Yes, GHC does use GCC internally, and it postprocesses GCCs output using some perl script (called GHC's Evil Mangler). Unfortunately, I am not at all a C expert (and even less an assembler) and cannot tell how this works in more detail. I know that GHC caused some problems in conjunction with hardened-gcc on its own, and that pappy added something to the ebuild (based on experiments done by Peter Simons) to fix this particular issue (contained, for example, in ghc-6.2.ebuild). Maybe this is somehow related? ks
Can somebody that uses ghc verify this bug is/(is not) still a problem.
Re: Comment #6, solar, I still get the same error when using Hardened GCC. However, turning off hardening causes the compile to complete successfully. See comment #4 for what worked before. Based on Andres's comment #5, I believe the fix will require making GHC's Perl postprocessor aware of Propolice, or turning off Propolice when using GCC inside of GHC. I'd refer this to the GHC developers to see if they want to make their Perl postprocessor handle Propolice or not.
Created attachment 24521 [details] ssp.c Lets see I don't know much about ghc but I'm willing to share any insights I may have about ssp and the way it works. First it works on c/ccp code. By default it's only the symbols it provides are via libgcc.a, what we have done at gentoo to avoid problems and the lack of being able to link other things properly is to move those symbols into glibc itself. (you will noticed this when build gcc-3.3.2-rX) I don't know if it will help but I'll provide a ssp.c that can provide the same symbols as the one gcc provides which you should be able to compile into object code and do whatever you need with (I'd hope). As for the "call __i686.get_pc_thunk.bx" <-- I dont know what exactly causes that. It's not ssp as far as I'm aware of. This is pic-ssp for sure however. # -------------------------------------- addl $_GLOBAL_OFFSET_TABLE_, %ebx movl __guard@GOT(%ebx), %eax movl (%eax), %eax movl %eax, 16(%esp) # --------------------------------------- I'll try to help in anyway I can.

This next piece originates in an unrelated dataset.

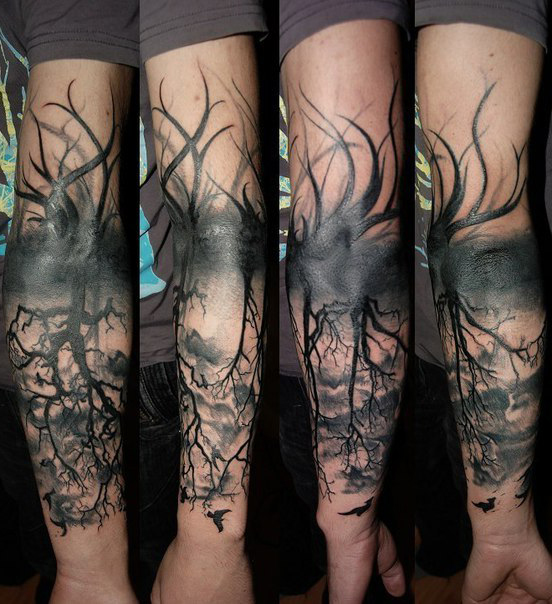 Tentacle Roots Dead Wood Blackwork tattoo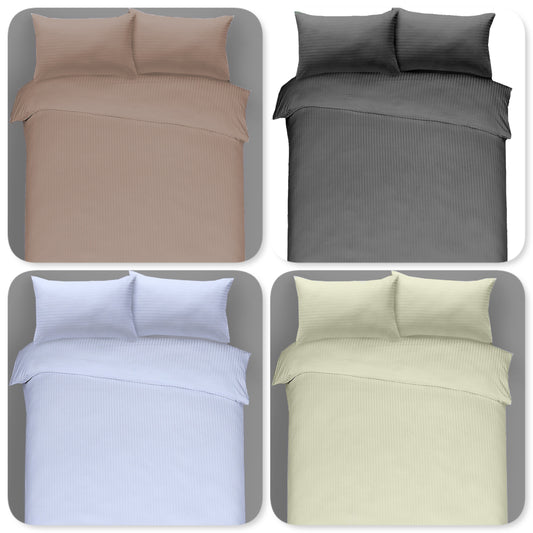 T300 Satin Stripe Pair of Pillowcases 100% Egyptian Cotton Bedroom Pillow Cover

I'm still interested to get this fixed, but I'm afraid I can't be of much help, because I don't know much about C, and almost nothing at all about all this hardened/propolice stuff. BTW, solar, can you point me to a good reference that might give me some insight what's going on? I'm not really sure what to do with your ssp.c, though, sorry. Howard, have you done anything more? If I understand correctly, there is a workaround, using the hcc -R and hcc -a combination. Is it a "good" workaround, i.e. would it be suitable to put that into the ebuild under certain circumstances, or does it miss the point completely? Howard, if ghc is the problem, then other Haskell-builds should fail, too. Can you confirm that. What, for example, with alex or happy? ks
Re: Comment #9: Andres, I tried to re-emerge happy, and it failed with the same problem as haddock. My suggestion at this point is the same as my Comment #7. Andres, do you have a channel to the GHC developers? If so, please let them know about this problem and ask if they want to make their "Evil Mangler" aware of the extra code produced by Propolice. Andres, to find out more about what Propolice is, see the Gentoo Hardened GCC Project's Propolice Guide, available at http://www.gentoo.org/proj/en/hardened/propolice.xml .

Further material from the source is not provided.